Peter, é de uma espécie rara, tupiniquim, de Vitória, Espírito Santo, e no reconhecer das nossas almas, um suspiro, um alento de sofreguidão sussurrou-me ao ouvido: “o meu nome soa bem com o teu sobrenome” (esta, é uma referência a música de Karol G, “Si Antes Te Hubiera Conocido”); e desde então que o sol da manhã nos dissolve, sendo fato não hipótese, como diria Marília Mendonça <<quem vai nos julgar?>>
Vivemos num mundo de impermanência constante, em que a idealização compulsiva retira-nos a pre-disposição de querer “ser para o outro” (à sugestão de Hegel) e disso ninguém está isento. A consciência que temos de nós, a autoconsciência, só se realiza plenamente através do reconhecimento e da relação com o outro. Ao enfrentar-nos com a possibilidade de amar, são tantos os receios e os questionamentos que nos assombram que corremos o risco de dizer “te amo” com uma interrogação que pode ser vista como retórica, mas muitas vezes é o manifesto de uma dúvida que todos temos: serei capaz de amar?
“Te amo, viu?”
“Te amo, tá?”
O “viu”, conjugação do pretérito perfeito do indicativo da terceira pessoa do singular do verbo Ver, impõe a necessidade que a validação surja do outro lado como reposta, o que de certa forma sensibiliza ou fragiliza também o nosso auto-amor.

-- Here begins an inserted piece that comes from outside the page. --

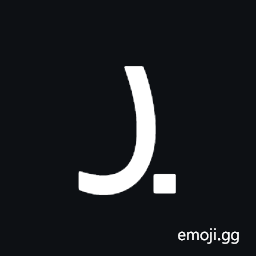 Arabic Letter Reh with Dot Below Symbol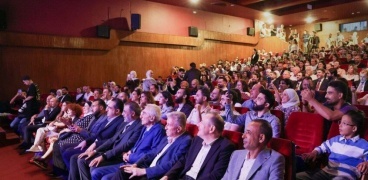 سوريا.. ثمانية أشهر تبعث الحياة مجددا في أحد مسارح دمشق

O “tá” como interjeição pode tanto interromper ou mostrar intenção de parar uma ação, uma sucessão de incidências que podem não ser tão expressivas quanto, às vezes, gostaríamos que fossem.
Amar é um ato revolucionário mas, nos dias que correm, amar só não basta.
Contudo, amorosidade se constrói, e isso faz-se diariamente. É como cuidar das plantas. O cheiro, o toque, o calor, a energia do outro são imprescindíveis para termos neurónios de melhor qualidade, e em última análise, é isso que nos enaltece. A vontade de manter a chama do nosso desejo em comum o mais duradoura possível.
A begónia-preta dourada de espécie humana tem me dado muitas flores desde o início da primavera. Pedindo consentimento para o primeiro beijo, me pedindo em namoro e me regando de abraços com cada palavra. E agora que se aproxima o outono, espero que consigamos sobreviver o inverno, porque o último “te amo” que ouvi, não foi com “viu”, nem foi com “tá”.
Desta feita, tal como com Peter, espero que a nossa nova relação com esta crónica, floresça, e que possamos juntas colher frutos de amor.
– Olá, sou Paulo Pascoal, a vossa nova Voz Futura! 🙂
(1) “Plant daddy” – alguém, geralmente homem, apaixonado por plantas, especialmente plantas de interior, e que as trata com cuidado e atenção, muitas vezes comparando seu cuidado ao de um pai.